The company also guided to substantially lower adjusted EBITDA and non-GAAP operating income in 2016. After $1.57 in non-GAAP EPS during 2014, Yahoo reported just $0.59 in 2015. That number will fall further towards the flat line, meaning analysts will soon be quickly reducing their $0.56 average. Perhaps Yahoo could help its EPS number by starting to repurchase shares again, since the company did not buy back any stock during the last 9 months of 2015. Yahoo finished the year with almost $7 billion in cash.
Marissa Mayer took over Yahoo in July 2012. That year, Yahoo did nearly $4.5 billion in non-GAAP revenues. This year, the company is expected to do $1 billion less than that. Even considering the bump shares have gotten from the Alibaba (NYSE:BABA) holding since she took over, you would have gained about twice as much if you were invested in Google (NASDAQ:GOOGL) (NASDAQ:GOOG). Google recently became the largest market cap company because its revenues (GAAP and non-GAAP) are soaring, while Yahoo's are falling off a cliff.
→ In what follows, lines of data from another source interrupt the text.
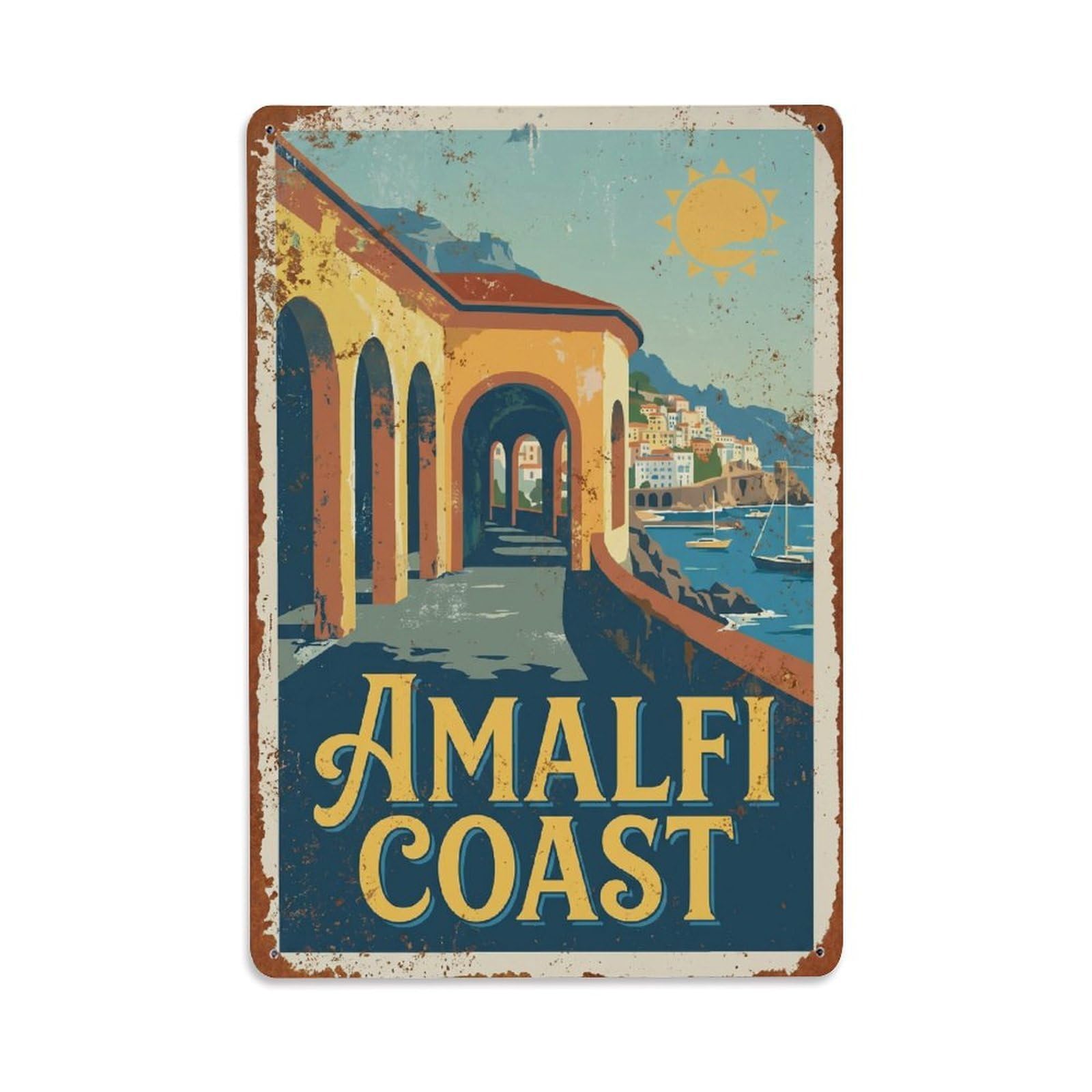 Vintage Travel Portico Italy Covered Metal Tin Sign
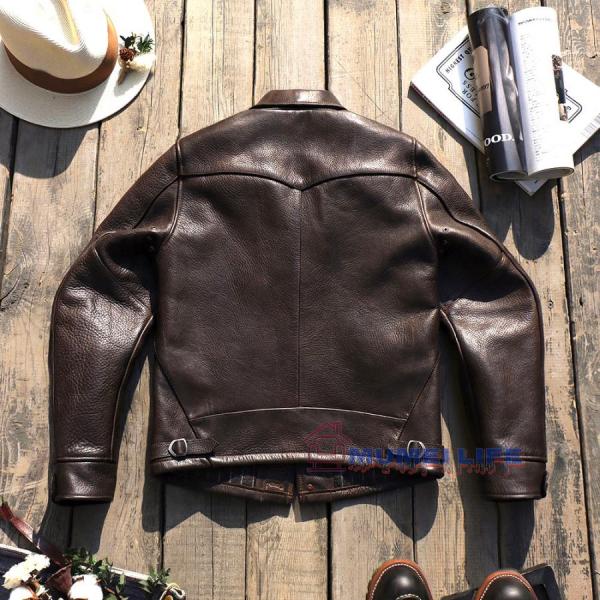 》1.6mm アメリカン 素上げ牛革 アメリカンレトロ レザージャケット 本革 カーキ メンズ 株式会社錦ラペル ライダース レザージャケット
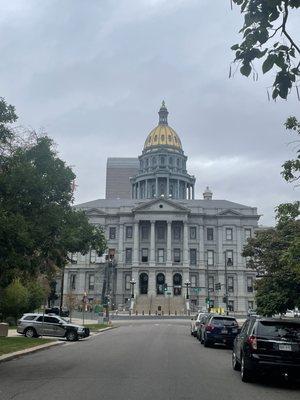 The truck was parked in front of the Capital building.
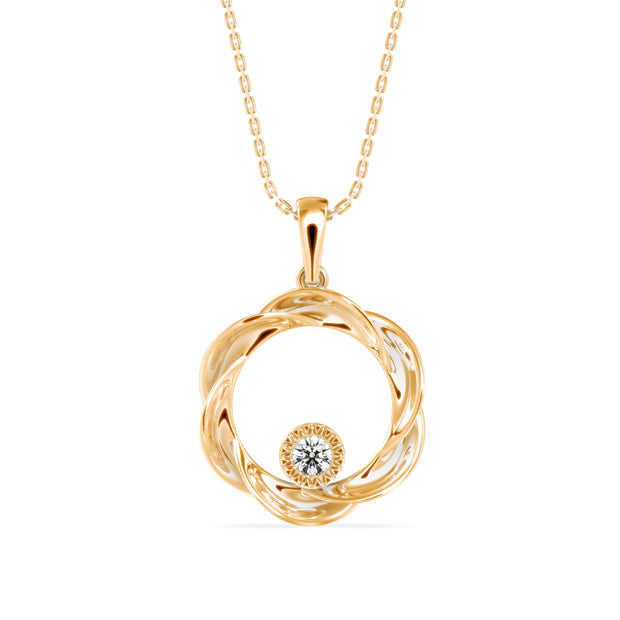 0.10Ct Round Bezel Twisted Lab-Grown Diamond Gold Pendant Necklace
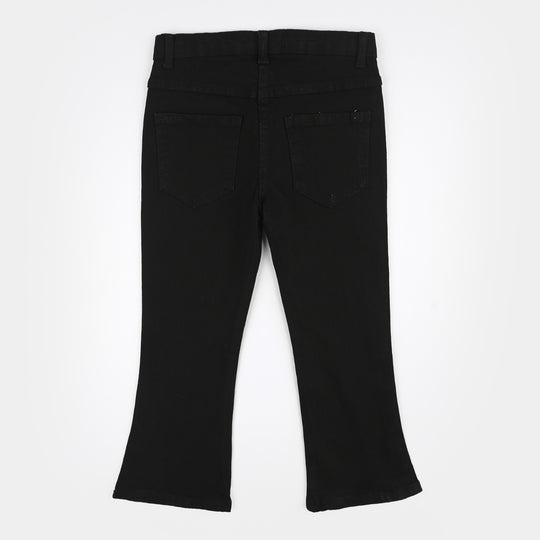 Girls Denim Stretch Pants - Black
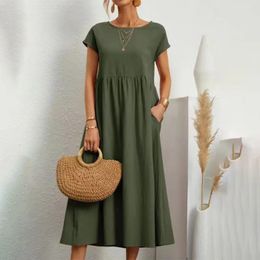 Summer Casual Casual Abiti di biancheria lunghi sciolti per donne Solid Pretty Womens Maxi Abito Maxi Abiti femminili Midi 240319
Yahoo is streamlining its operations in an effort to return to revenue growth. However, the company is in a much worse position now than it was when Marissa Mayer took over, with annual non-GAAP revenues about $1 billion lower. Mayer failed to grow revenues and earnings, and has botched the Alibaba holding spinoff. Shares Wednesday hit a new 52-week low, about 50% off their November 2014 highs. With another bad year of results coming, this turnaround plan seems to be a little too late. As Yahoo looks to start this new era of its history, it is time for a new leader to guide the company during this period.